=== Section Start ===

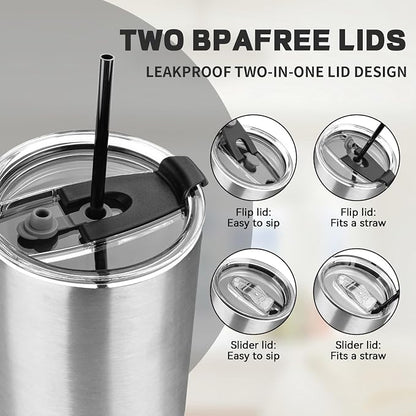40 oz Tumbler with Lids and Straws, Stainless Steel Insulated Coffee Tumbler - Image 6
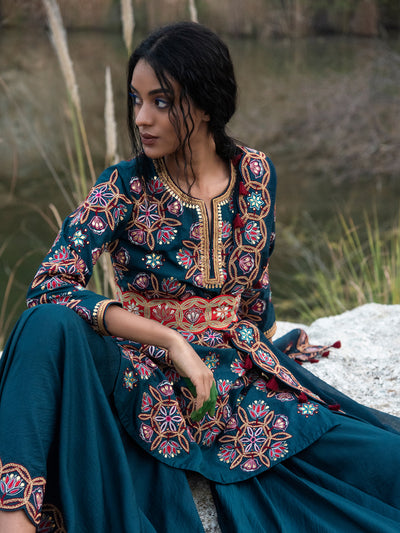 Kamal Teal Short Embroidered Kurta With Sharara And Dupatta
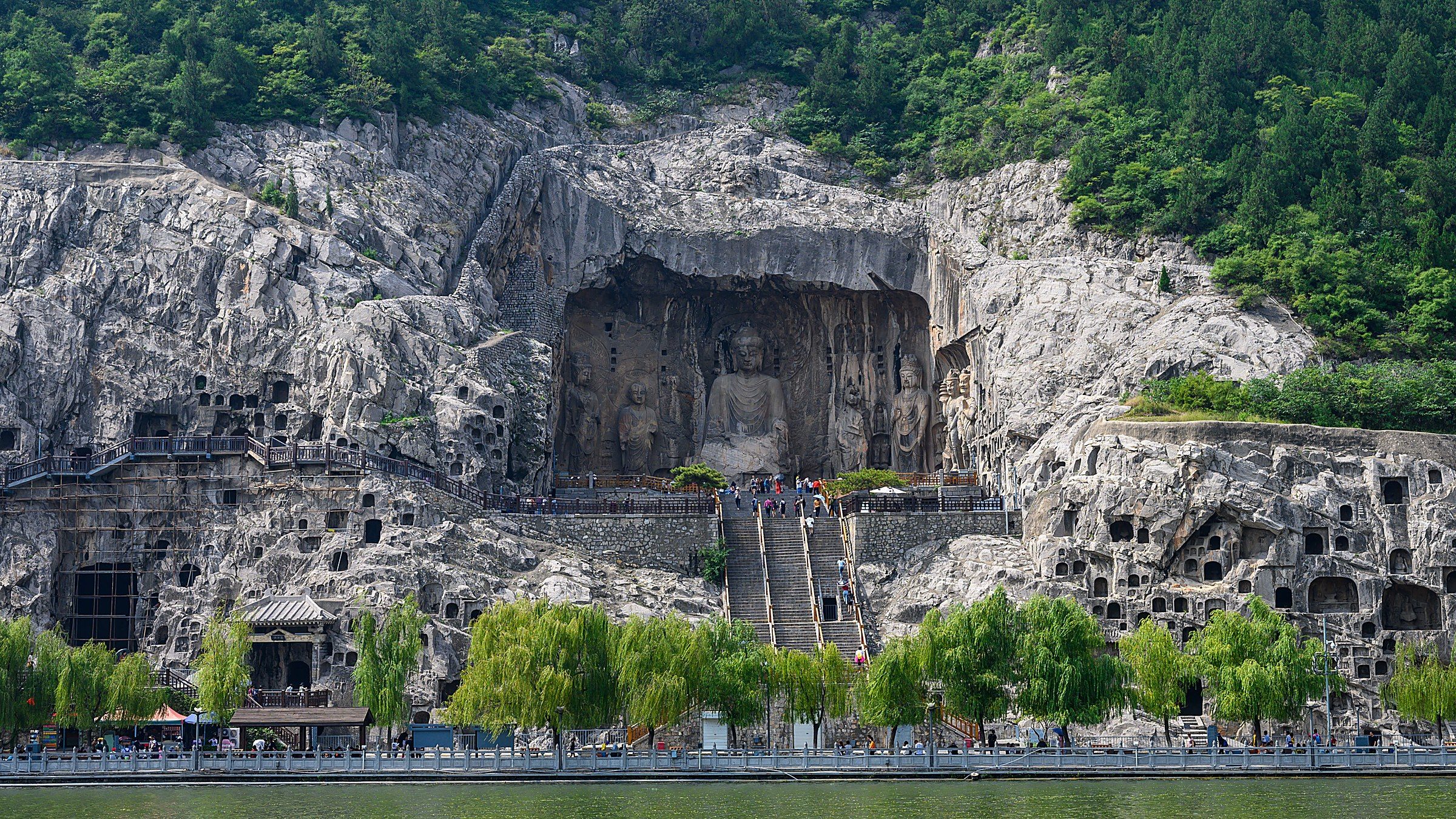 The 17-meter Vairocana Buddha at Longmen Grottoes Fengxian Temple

=== Section End ===

YOUR INSTRUCTIONS: All lines from the one holding "Kamal Teal Short" to the end of the listing above need to be duplicated exactly. None of the pictures should be included.

ANSWER TO THIS TASK:
 Kamal Teal Short Embroidered Kurta With Sharara And Dupatta
 The 17-meter Vairocana Buddha at Longmen Grottoes Fengxian Temple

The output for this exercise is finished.